Notes in Pyspark
init, stop
Common init setup for SparkSession
import numpy as np
import matplotlib.pyplot as plt
%matplotlib inline
import time
import cPickle as pickle
from pyspark import SparkContext, SparkConf
from pyspark.sql import SparkSession
from pyspark.sql.functions import *
from pyspark.sql.types import *
spark = SparkSession.builder.master('yarn').appName('linziheng:video') \
.config('spark.yarn.queue','userb') \
.config('spark.executor.memory','8g') \
.config('spark.executor.instances','40') \
.config('spark.sql.warehouse.dir','hdfs:///user/userb/linziheng') \ # add this line
.getOrCreate()
Some issue with spark session, spark sql
Known issue in spark 2.0.1 https://issues.apache.org/jira/browse/SPARK-17810 https://issues.apache.org/jira/browse/SPARK-15034 * https://docs.rapidminer.com/latest/radoop/troubleshooting/known-errors.html
we solve it by adding config in spark session builder:
.config('spark.sql.warehouse.dir','hdfs:///user/userb/linziheng')
Stop SparkSession
spark.stop()
Read data
RDD, Dataframe, Dataset
- https://databricks.com/blog/2016/07/14/a-tale-of-three-apache-spark-apis-rdds-dataframes-and-datasets.html
Convert to RDD to get more handle to data
Some issue when parsing csv data
the first row contains some unexpected data -> we solve it by filtering with
df.filter( length( df['timestamp'] ) < 100 )

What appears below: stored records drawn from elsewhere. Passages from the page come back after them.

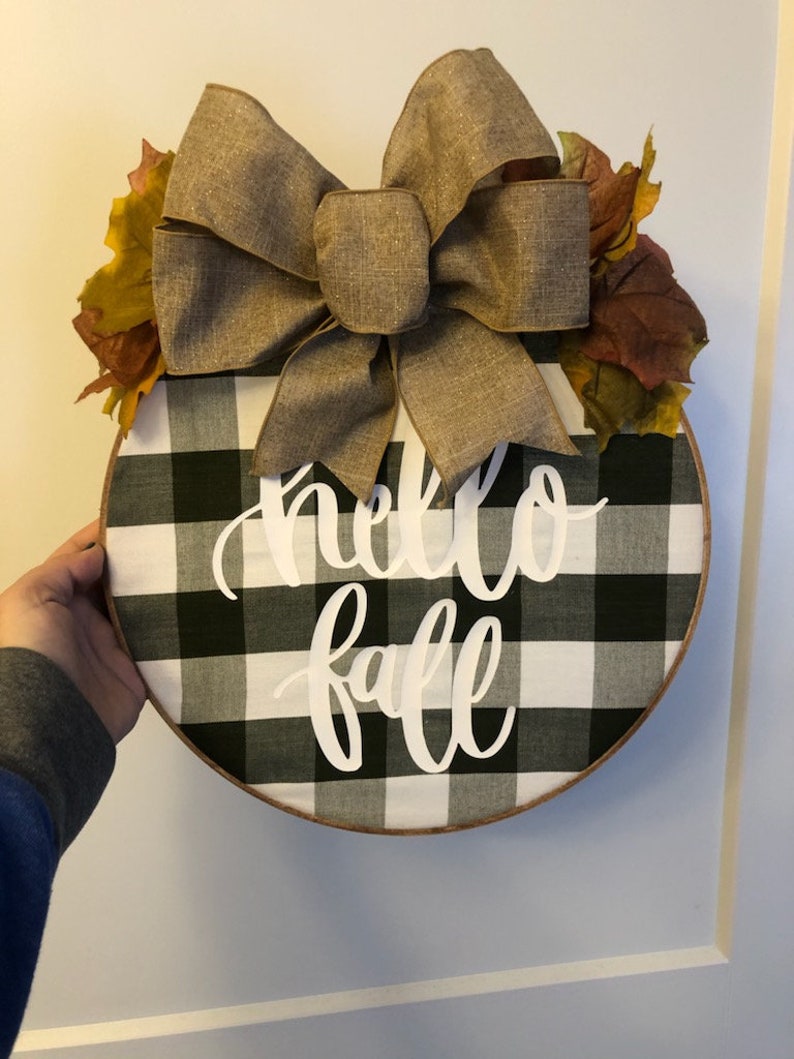 Hello Fall 12 Hoop Wreath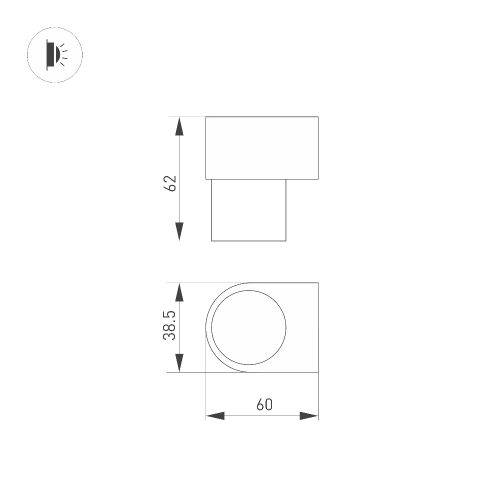 Светильник SP-SPICY-WALL-MINI-S60x39-3W Day4000 (BK, 40 deg, 230V) (Arlight, IP20 Металл, 3 года)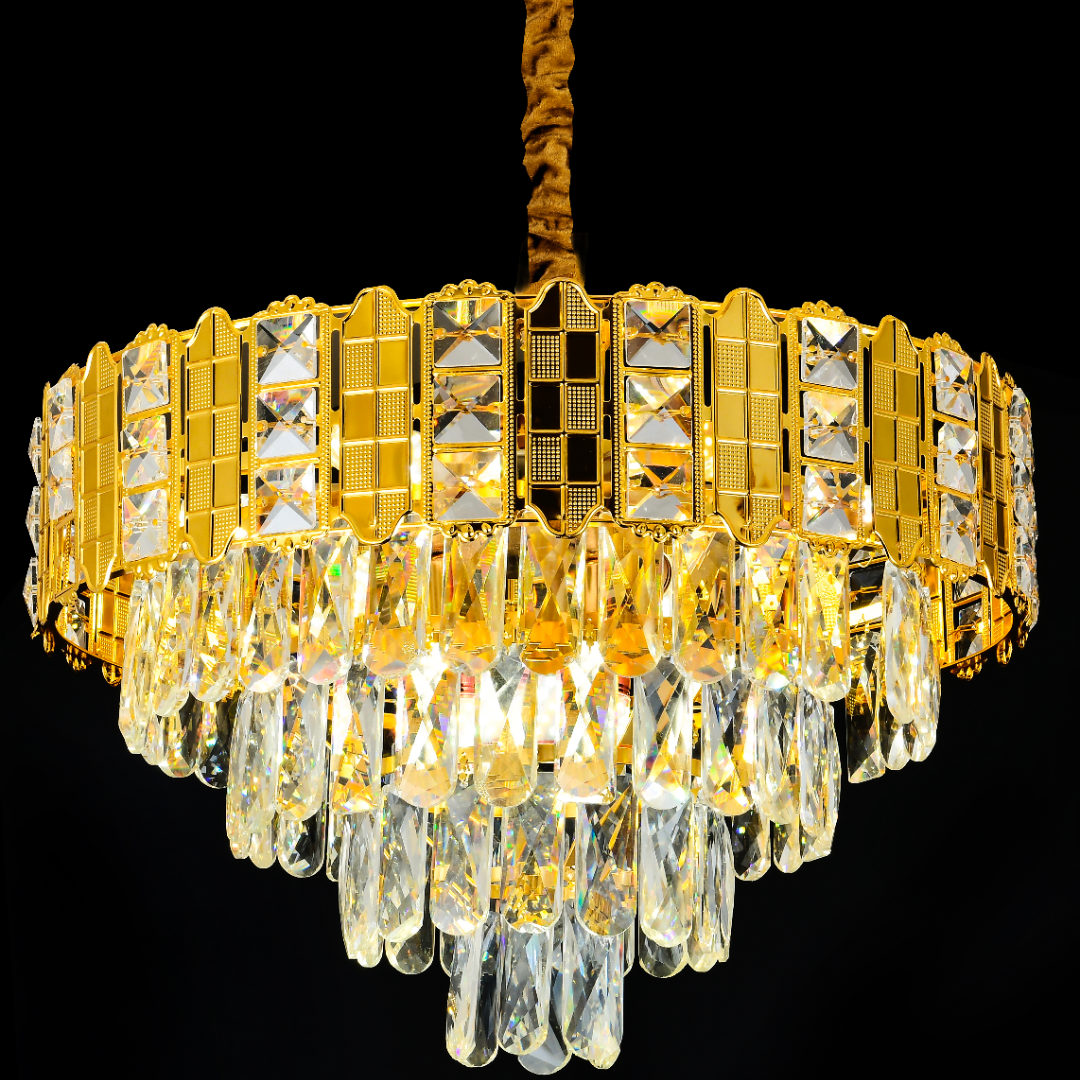 Crystal Chandelier Nexia riva 8xe14, 49 cm átmérőjű, fényes arany, újrarekálási magasság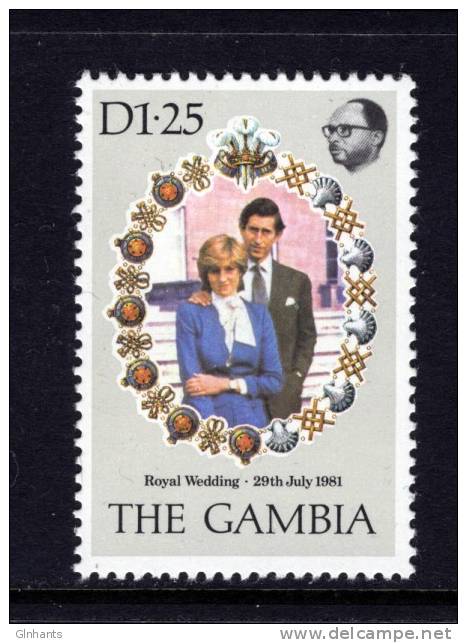 GAMBIA - 1981 ROYAL WEDDING D1.25 FINE MNH ** - Gambie (1965-...)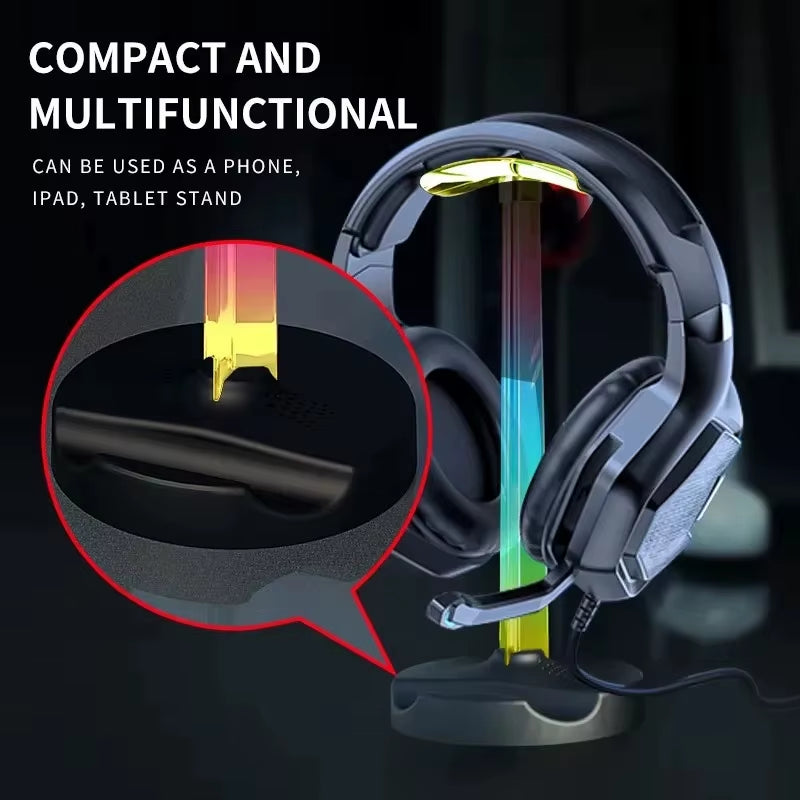 RGB Gaming Headphone Stand, Gaming Headset-Holder with USB Port, Multiple Color Mode, Earphone Hanger for Gamers Desktop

df_sample = spark.read.option("header", "false").csv('hdfs:///user/userb/linziheng/original_data/result48.tar.gz')
Rename column names
oldColumns = df_sample.schema.names
newColumns = ["timestamp", "userid", "webid", "user_agent", "videoid"]
df_sample = reduce(lambda df, idx: df.withColumnRenamed(oldColumns[idx], newColumns[idx]),
xrange(len(oldColumns)), df)
print df basic info
df.printSchema()
print "row number: " + str( df.count() )
df.show(5)
Output
output as csv
- coalesce(n) means output results in n file
a3.coalesce(1).write.csv('/user/userb/linziheng/cikmToJournal/feature_value_all', header=True)
Convert column to list
l = df.select('colname').rdd.map(lambda row : row[0]).collect()
UDF, UDAF
UDF (user define function) test
from pyspark.sql.functions import udf
from pyspark.sql.types import StringType
def func(i):
return i.strip()
func_udf = udf(func, StringType())
a = df.withColumn("test", func_udf(df.videoid))
Pyspark cannot use UDAF (user define agg function)
- Problem
- UDAF is not supported in PySpark
- Solution
- collect_list + UDF = UDAF
- https://stackoverflow.com/questions/46187630/how-to-write-pyspark-udaf-on-multiple-columns
- Use
collect_set(col)
andcollect_list(col)
first, then use a UDF
- Use Scala, Java to write UDAF, then import in Python
- collect_list + UDF = UDAF
# example usage
# first: groupby and collect_list
a = df.groupBy(df.userid).agg(count('videoid').alias('records_count'), \
countDistinct('webid').alias('webid_count'), \
collect_list(df.webid).alias('webid_list'), \
collect_list(df.videoid).alias('videoid_list'), \
collect_list(df.unix_timestamp).alias('timestamp_list'))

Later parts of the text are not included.